Aims. The goal of this work is to study the formation of rocky planets by dry pebble accretion from self-consistent dust-growth models. In particular, we aim to compute the maximum core mass of a rocky planet that can sustain a thin H-He atmosphere to account for the second peak of the Kepler size distribution.
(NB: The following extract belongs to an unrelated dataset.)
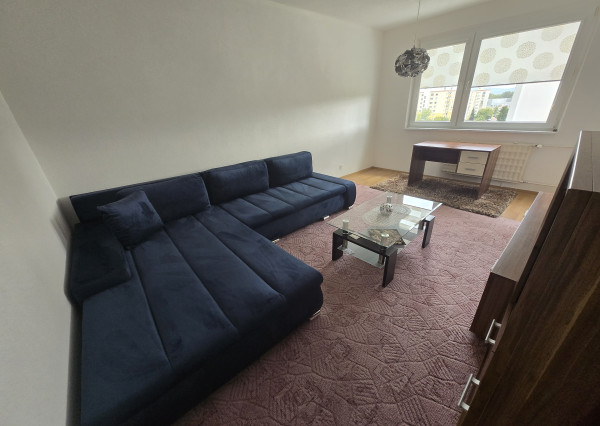NA PRENÁJOM 3 izbový byt 72m2 Zvolen-Západ, zariadený a prerobený s loggiou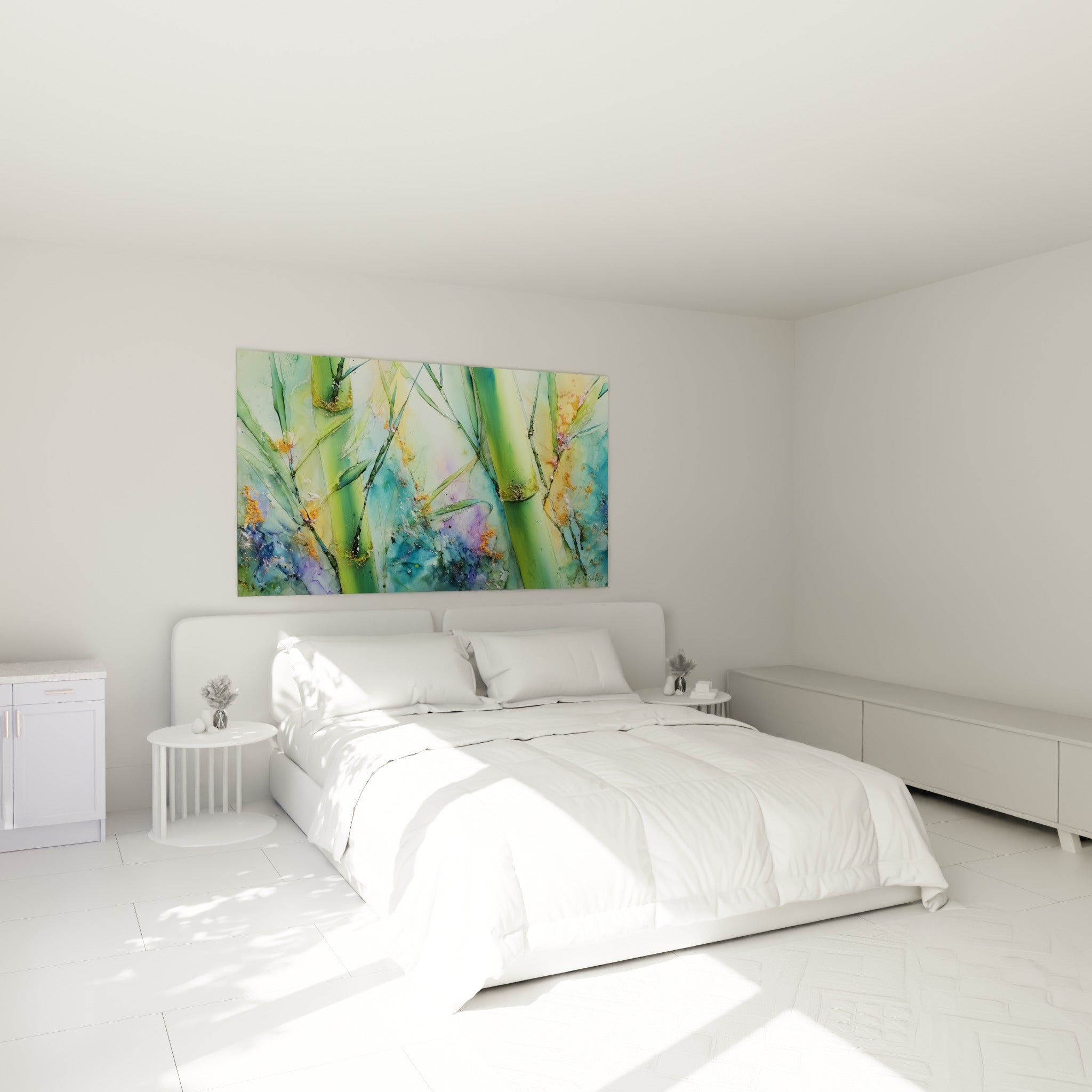 Bambou vert et bleu pastel se déployant en fines tiges, au-dessus d'un lit dans une chambre claire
Methods. We simulate planetary growth by pebble accretion inside the ice line. The pebble flux is computed self-consistently from dust growth by solving the advection–diffusion equation for a representative dust size. Dust coagulation, drift, fragmentation, and sublimation at the water ice line are included. The disc evolution is computed solving the vertical and radial structure for standard $\alpha$-discs with photoevaporation from the central star. The planets grow from a moon-mass embryo by silicate pebble accretion and gas accretion. We perform a parameter study to analyse the effect of a different initial disc mass, $\alpha$-viscosity, disc metallicity, and embryo location. We also test the effect of considering migration versus an in situ scenario. Finally, we compute atmospheric mass loss due to evaporation over 5 Gyr of evolution.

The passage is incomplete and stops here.